Two Kinds of Invariants: Safety and Validity

Unsafe code (in the sense of "code that must be specially audited to ensure UB-freedom") extends beyond unsafe {} blocks. For example, taking a reference to a partially initialized value and passing it to a safe function can and should be OK if the safe function is in the same module (or even crate, though stylistically I'd prefer to avoid that) and is deliberately written to be able to handle this. And that's for functions -- for unsafe {} blocks, I see no reason at all to ascribe much meaning to the syntactic extent of the block (as long as the code compiles). In particular, this distinction:

just seems adversarial to programmers for no reason. Both should be OK. What matters is that the value with broken safety-invariant doesn't escape to code that assumes the safety-invariant – which is all unknown code, but not necessarily safe code in the same library.

@RalfJung

I am glad to see that some of my previous ideas in comments on @nikomatsakis 's last blog post was presented in this blog. Specifically, the difference between ! and &!. I highlight the following:

while &! does not have a safe inhabitant, it is possible to have data that is valid for &! . After all, it does not have to point to a valid ! (which would be impossible).

For the same logic,

so validity for (T, U) requires that the first field is valid at T , and the second field is valid at U .

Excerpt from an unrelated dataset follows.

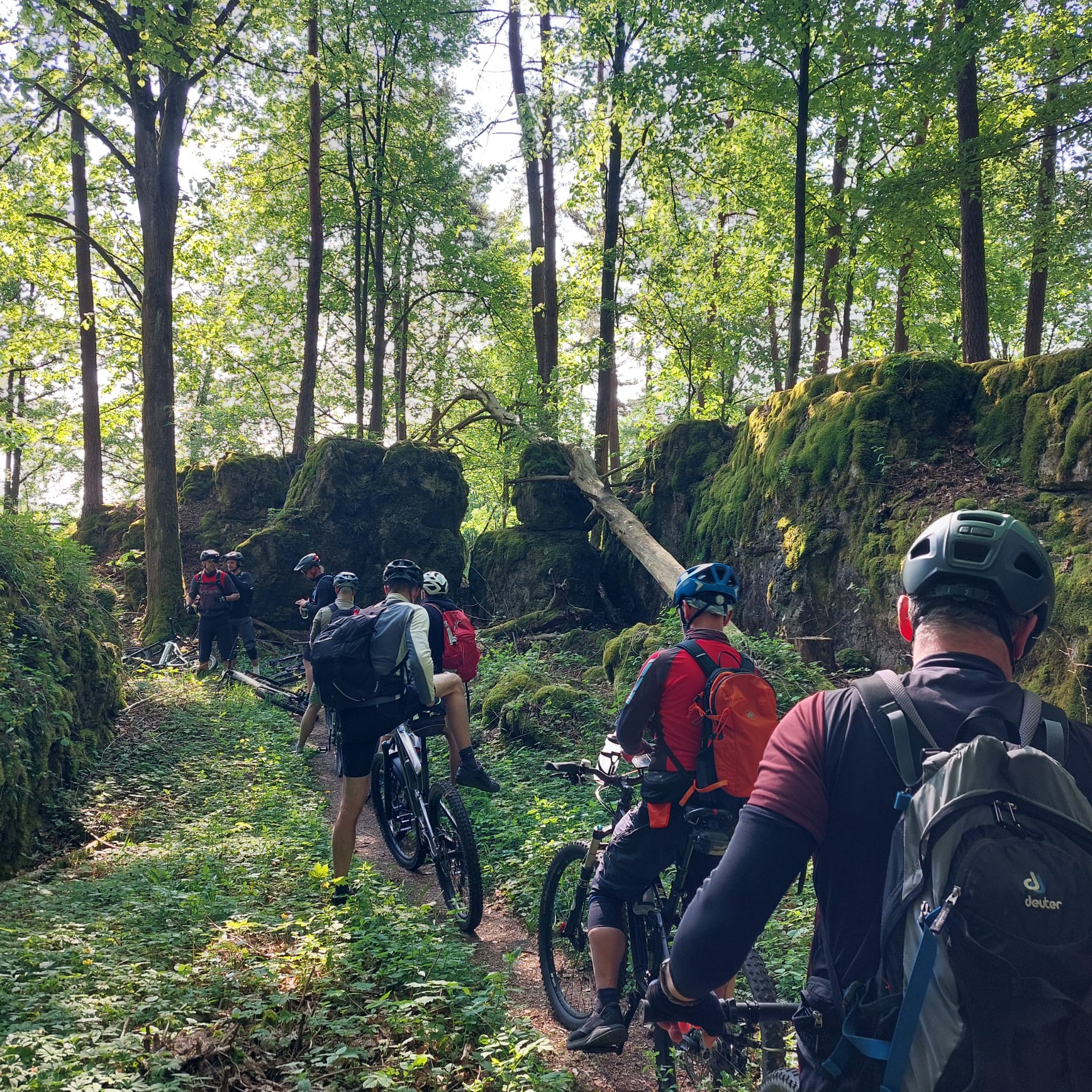 Mountainbike WE Fraenkische 6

means (u32,!) is like !, it can never be valid.

Now the problem becomes: should we allow partial initialization on an invalid place?

I guess this also implies that partial initialization on invalid place should never be allowed, even in unsafe code.

I fully admit that I may be going a bit aggressive here, and may be over-applying a stretched conclusion. But I hope with the other notes here I can argue why this wouldn't be a horrible place to end up.


The intent of the direction I pulled this in, being the end of unsafe {} blocks, is one that I've seen in a few places: no one seems to be exactly certain where an unsafe block should end. The nomicon discusses this: changing safe code can break unsafe variants because safety is a global concern.

I don't see any reasons where this would require unsafe blocks around safe code. Safe code, by definition, cannot put values into an unsafe state. I guess, in the overly-aggressive-sanitizer specification, inbetween every line of code is an assertion that every place is valid, and inbetween every safe line of code is an assertion that every place is safe. (In my example I'm using field assignment as a proxy for writing out unsafe setters.)

This means that it's still fine for safe code to block calls to unsafe temporary violations of safety, just that the unsafe {} block delimits the scope in which values may be not in a safe state.

I don't think it's an unreasonable goal to say that structs should minimize the amount of time they're in a not-safe state; after all that means that you have to be really picky about panic points while a type is in an inconsistent state. It seems useful to say "this isn't in an unsafe block, thus the types are in a safe state", which also implies panic safety.

My interpretation boils down to whether this is the desired state of affairs. If we say that a reference is only safe if it points to a safe T, then it falls out of that definition that where safety holds, dereferencable-n-times and thus the de-ref optimization is valid.

I don't think it's much of a burden to require arguments to a safe function to be in a safe state. And the de-ref optimization shows that it's useful in at least one case. I don't disagree that a singular model covering safe and unsafe isn't simpler, though.

I know at least for my code, however, I have a strong preference for the former blocking of the two, as the unsafe {} block should be the unit of unsafety where possible.


I realize that safe code putting a same-module type into an unsafe state complicates things a lot, and the musing I'm outputting is likely more restrictive than the eventual model wants to be. But I think it's an interesting way of considering it, at the very least.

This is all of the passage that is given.